Tengo dos hijos, pero el pequeño es un pequeño dictador en potencia. Autoritario, mandón, controlador y sobreprotector. 

Soy una mamá joven que lo habla todo con ellos, les intento hacer razonar y no les impongo normas. Nunca les he pegado y mantengo que el diálogo es la mejor manera de llegar a un acuerdo, pero estoy empezando a pensar que debería cambiar de estrategia.

Mi hijo pequeño lleva unos meses que me trata como si yo fuera una inconsciente y no deja de ridiculizarme delante de mis amigos. Cuando hay un evento o cualquier otro tipo de celebración, me somete  a un tercer grado.

‘¿Tienes pensado beber hoy? Yo no lo haría porque luego debes conducir’

‘¿No crees que ya son horas de que nos vayamos? Mañana es lunes, tú trabajas y nosotros tenemos colegio’

‘¿Con quién has quedado para cenar? Esas amiguitas tuyas no me hacen nada de gracia’

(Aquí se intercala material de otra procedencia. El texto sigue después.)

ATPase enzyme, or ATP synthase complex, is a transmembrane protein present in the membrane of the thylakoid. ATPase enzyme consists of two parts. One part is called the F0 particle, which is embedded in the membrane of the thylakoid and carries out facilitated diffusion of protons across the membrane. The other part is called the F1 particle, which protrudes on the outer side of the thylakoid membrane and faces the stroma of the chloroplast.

Estos son algunos de los ejemplos que estoy viviendo sin parar últimamente. El colofón vino este último fin de semana, cuando estábamos en un cumpleaños y dijo delante de todo el mundo: ¿Ya estás bebiendo otra vez, mamá? Llevas por lo menos dos cervezas, creo que ya lo tienes bien por hoy’.

Quien no me conozca pensará que tengo un problema con el alcohol, que soy una adicta que maltrata a sus hijos y que el pobre está traumatizado por mi comportamiento, pero ni mucho menos. Con ocho años ha decidido que puede imponer su moral sobre mí y se ha convertido en el policía a favor de la ley seca. 

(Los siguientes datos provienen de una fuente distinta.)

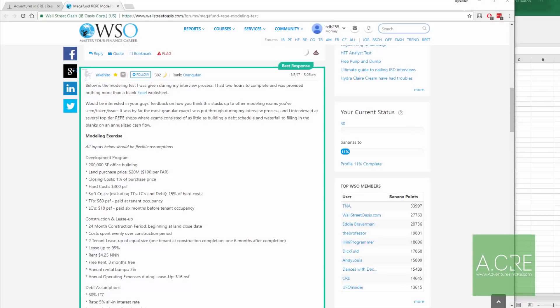Today I'm going to tackle a real estate private equity modeling test — the type of test you might see in a technical interview or in a graduate-level real estate financial modeling class. I thought it would be helpful for you to watch me as I model this out. The genesis of this is I was lurking on Wall Street Oasis on the real estate forum and came across a thread from someone in 2017 asking for advice on how to prepare for a technical interview.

He intentado hablar con él para decirle que soy lo suficientemente madura y mayor como para tomar mis propias decisiones, pero me mira con cara de poco convencido y sigue juzgándome en silencio.

Ha llegado a tirar al wáter cervezas y vino que estaba en la nevera para evitar que cayera en la tentación. 

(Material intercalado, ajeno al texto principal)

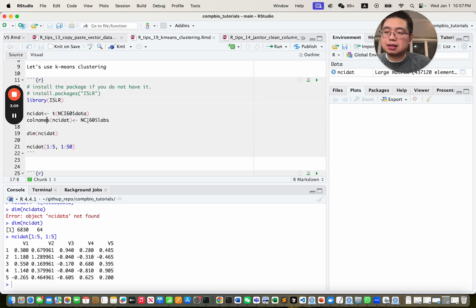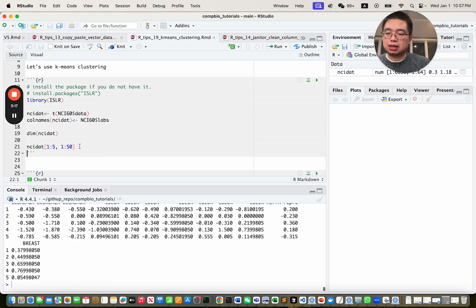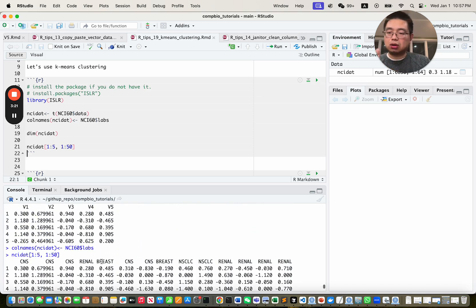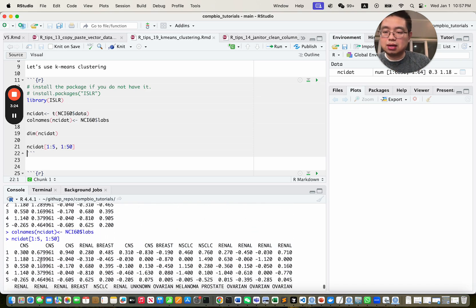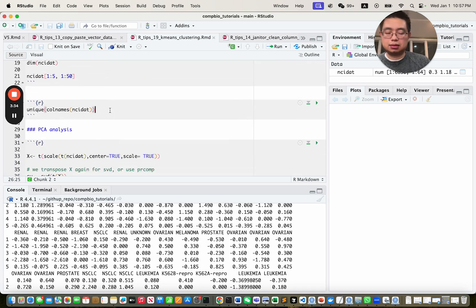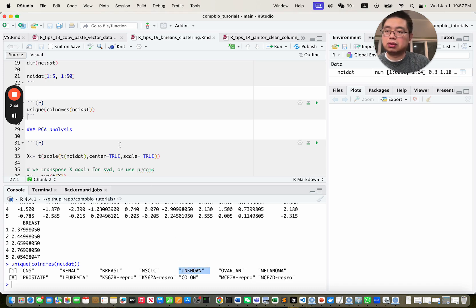It also has labels for each of the columns, the samples. This is gene expression data from different cancer cell lines. Rows are genes, columns are the cancer cell lines, and we know what cancer type each is — for example, leukemia or non-small cell lung cancer. If you look at the unique cancer types, there are 13 unique cancer types, plus one extra unknown.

No sé qué hacer con él. Me he planteado llevarle al psicólogo porque, igual, ha visto algo en la tele que le ha hecho pensar que puede perjudicarme y por eso me está protegiendo constantemente.

Ahora bien, a Dios pongo por testigo que el día que yo le vea con una copa o venga a casa con una chispita de alegría porque se ha hecho más de un cubata, se acordará de mí.